For Clancy, the antidote to eugenics is feminism, which dogmatically affirms bodily autonomy and the sanctity of individual experience. Clancy is not specific about what feminist care for menstruating people looks like. She offers only that the solution “requires communities of care and structural change, rather than an individualist approach in which each menstruating person tries to handle their symptoms or fertility struggles on their own.” The final chapter, “The Future of Periods,” is staged as the author’s imaginative vision of menstrual liberation. Here and throughout the book, Clancy excels in diagnosing the massive social, political, and ideological issues plaguing medical care for menstruating people, but she has little to offer in the way of treatment.
Interestingly enough, Clancy’s final thought in this book turns from biological anthropology to theology. Quoting Octavia Butler, Clancy suggests that the seed of a future of menstrual care is that “God is Change,” meaning that difference is the very essence of being. Just menstrual care begins with relating to one another as inexhaustibly complex and surprising beings. By necessity, such care is “messy: incommensurable at times, changing, flexible.” If doctors recoil at that notion of care, this is the milieu where chaplains and pastors can thrive.
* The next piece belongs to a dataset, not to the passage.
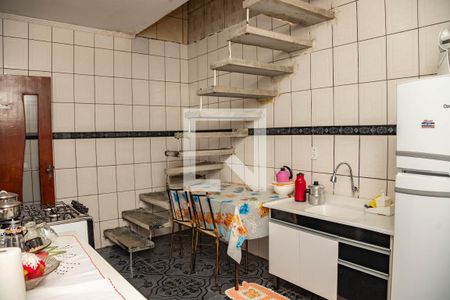 Casa à venda com 600m², 5 quartos e 2 vagas Casa à venda com 600m², 5 quartos e 2 vagasCozinha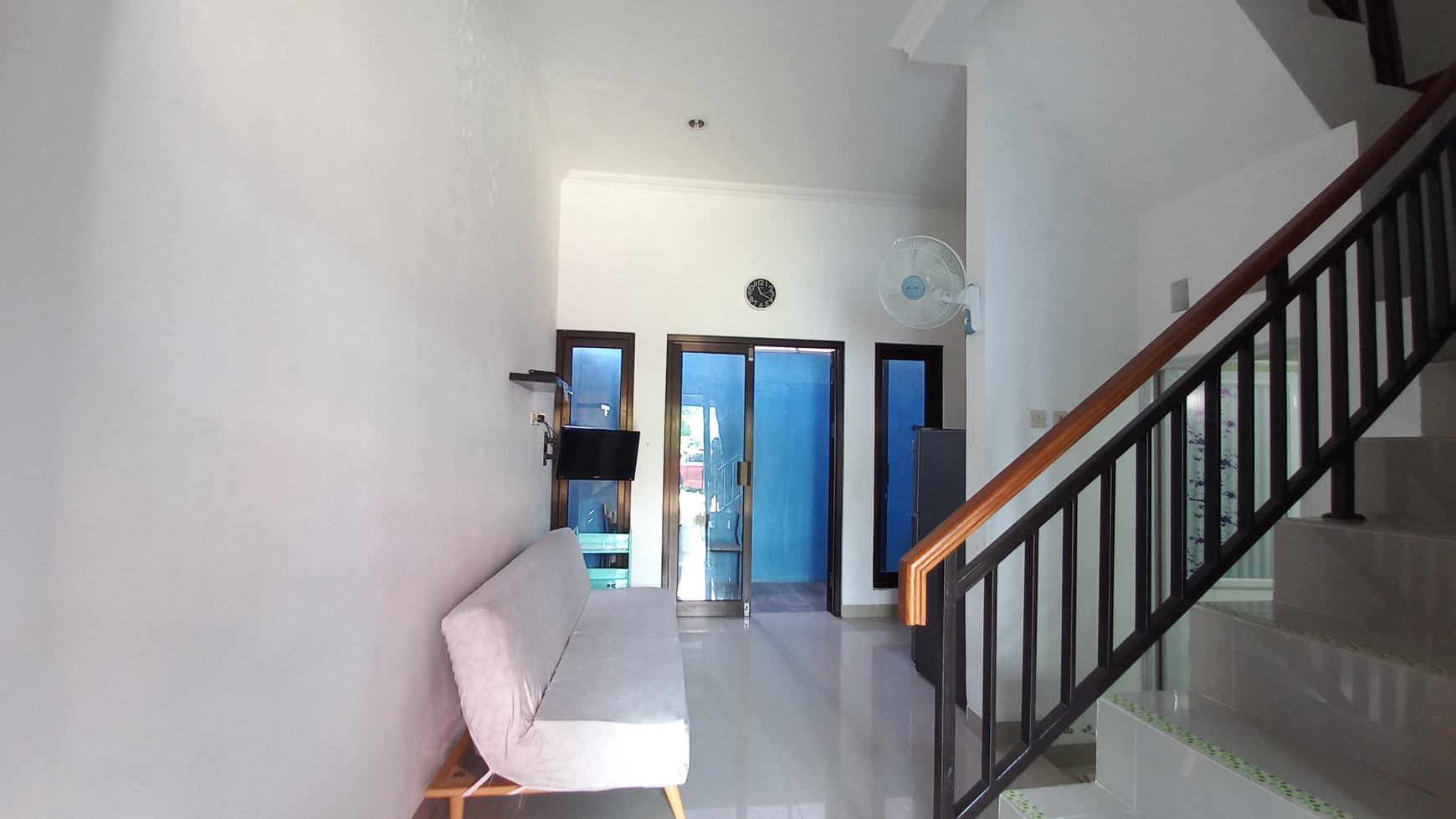 Rumah Full Furnished di Perumahan Wojo Residence dekat STTKD & Ring road Selatan.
Perhaps a comprehensive spiritual approach to menstruation is needed as much as reformation of the mainstream scientific, sociological, and anthropological approaches. Religion is uniquely capable of taking painful, isolating experiences and using them as catalysts for forming community. Yet, so far, resources on the theology of menstruation are scant. As far as I know, there is no handbook for the pastoral care of people experiencing menstruation. And although Clancy demonstrates that menstrual blood is the source of life, I have yet to hear a sermon relating the life-giving blood of Christ to periods. Perhaps Period is the invitation pastors and theologians need to reimagine what it means to sing our old hymns about the “wonder-working power in the blood.”